Upon research of the div command, it stores the result of the remainder from the calculation, eax div ecx, in the edx register. Essentially what this means is that edx = eax mod ecx .

We know from earlier that strlen was called on the entered string. This was stored in the register eax. The lea command makes ecx = len(string) + 1 which I double checked with GDB.

One extra thing to note is that the running total from the loop stored in edx is now moved to eax.

So now the puzzle is complete, in summary, this function computes the sum of the differences in adjacent characters \mod len(string) + 1 . This value is then compared to the length of the string in main. If the values are equal, then it is a correct password.

Using mathematics, we can heavily simplify the condition to just:

Any string of length n, c1 c2 ... cn, where:

\[( ASCII(c_n) - ASCII(c_1) ) \mod (n+1) == n\]

Where $ASCII(·)$ gives the ASCII number of a character.

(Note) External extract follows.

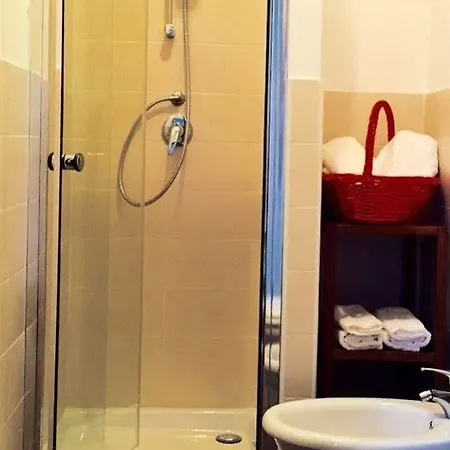 Hotel San Fedele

Note that the string can also consist of unprintable characters and still be accepted, for example the string with two hex characters, "\x26\x28", will be accepted by the program.

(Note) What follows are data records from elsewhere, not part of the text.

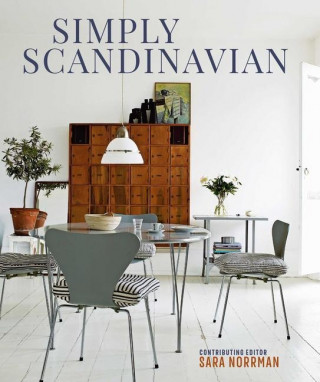 Simply Scandinavian (Kemény kötésű)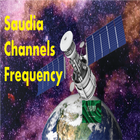 Saudia TV Sat Info 圖標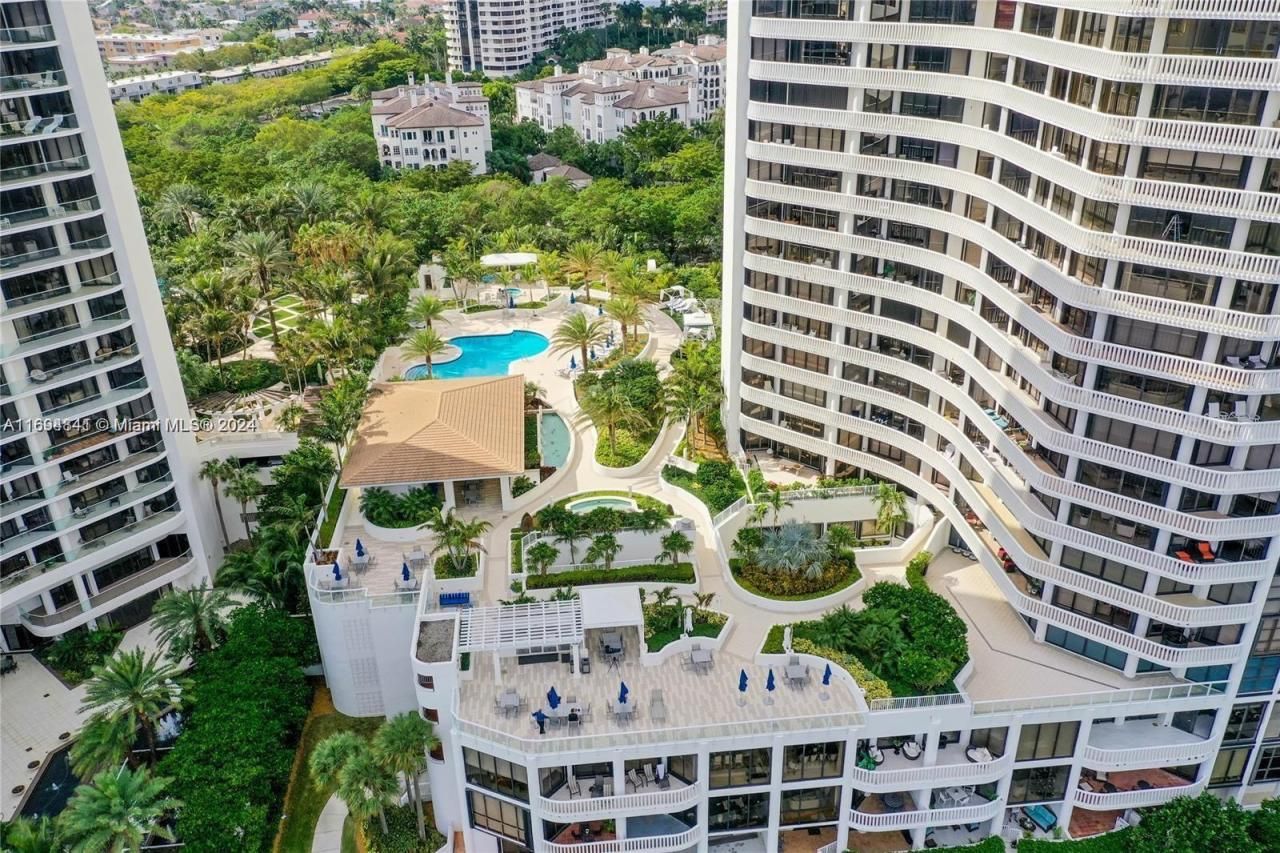 3000 Island Blvd, Unit 1201, Aventura, FL 33160 Photo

So overall a final solution could be the number 35. A program to generate a lot of solutions can be given by the following Python code, note that I do not include non printable characters in this. 

      import sys
      import string
      from itertools import chain, product

      def bruteforce(charset, maxlength):
          return (''.join(candidate)
                  for candidate in chain.from_iterable(product(charset, repeat=i)
      	            for i in range(1, maxlength + 1)))
      		    LENGTH = 5
      		    string = string.printable
      		    for attempt in bruteforce(string, LENGTH):
      		    	if (ord(attempt[-1]) -ord(attempt[0])) % (len(attempt) + 1)== len(attempt):
      					print(attempt)